Yeah, I guess it's arrogant to hold a point of view opposed to yours right? The way you used "narrow-minded" can either be construed as insane or ignorant. Ignorant because, if you meant I didn't consider the opposing view (which I obviously did, before arriving at my conclusion). Insane if you think that one must hold all points of view simultaneously and in equal weight to be "broad-minded".
Shooters that are easy to get in to might encourage new players to start taking the games more and more seriously.
On the contrary, shooters that are easy are more likely to encourage new players to seek shooters (if they enjoyed their time with it) of similar difficulty, if left to their own accord. No idea what you mean by "more seriously". Do you think it will make them play for score? Please clarify this before I continue on this point.

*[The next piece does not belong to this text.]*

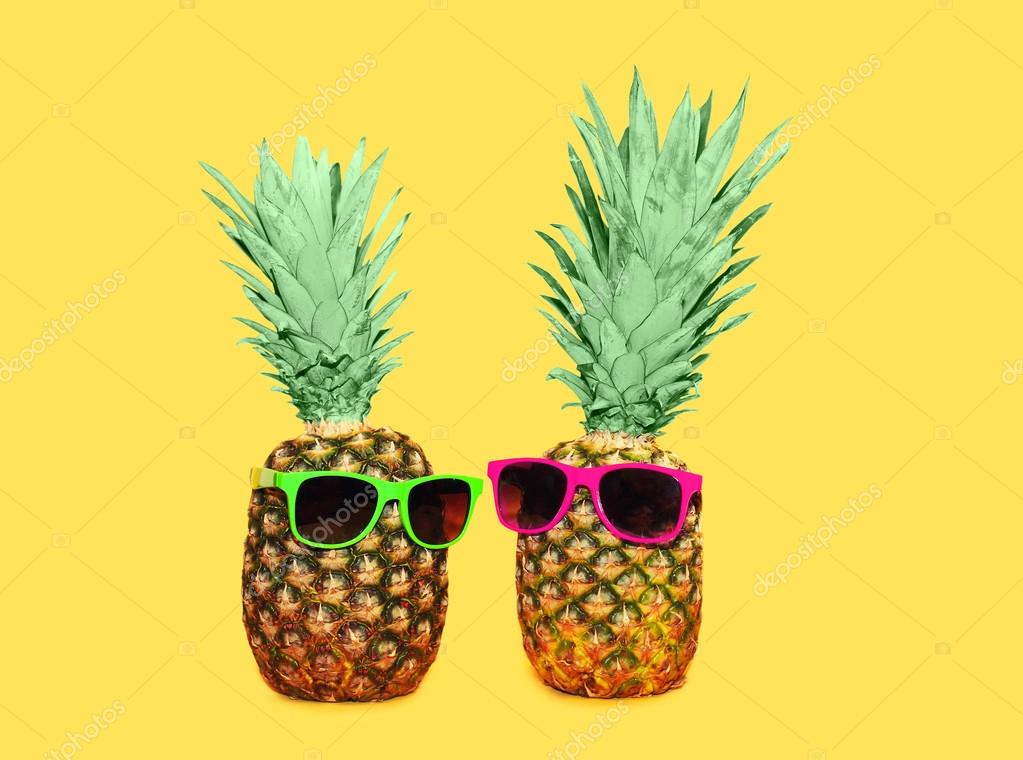 Zwei Ananas mit Sonnenbrille auf gelbem Hintergrund, bunte ana ...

I can definitely see someone buying the Guwange port due to the style/music/setting, starting off with 360 mode, getting into it, and then moving on to Blue mode, and then Arcade mode, and from there branching out to other shooters.

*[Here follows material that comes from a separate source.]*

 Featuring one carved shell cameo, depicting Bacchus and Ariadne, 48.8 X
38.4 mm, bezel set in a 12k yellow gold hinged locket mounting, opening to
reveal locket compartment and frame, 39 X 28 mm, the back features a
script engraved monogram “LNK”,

Well ... there will be exceptions, for example,
perhaps the guys above (if they weren't clearly into shooters previously). For each of them however, ten people will pick up the Guwange port (for whatever strange reason, if they were to stumble upon it RANDOMLY) will play the 360 arrange mode, credit feed it, switch to the blue mode, then wonder why the hell they cannot control the shikigami independently anymore. Then he'll switch to another game and that's the end of that. For your future reference, the only effective way to make use of the novice modes/easy arranges, is to directly introduce a friend to shooters using them. They will rarely take up proper shooters from their experience alone, not without a little bit of encouragement and guidance from an existing player. (More on this later in another reply, coming soon to a thread near you!)
"Taste" isn't something that materializes out of nothing; it has to be developed.
(This notion will be destroyed in a more relevant thread soon as well.)
If Cave just wanted to appeal to casuals alone, their ports would only consist of "dumbed down" Novice modes, which isn't the case.
The point we're discussing is not the inclusion of modes, it's the direction of emphasis on scoring rather than survival as a utility for introducing new players to shooters. The suggestion of exclusion of standard modes (and the idea that Cave wants casuals as their primary audience) is clearly a non sequitur. I don't think many people have a problem with arrange modes that are easier than the original modes, it's just that they are expected to have some standard of quality.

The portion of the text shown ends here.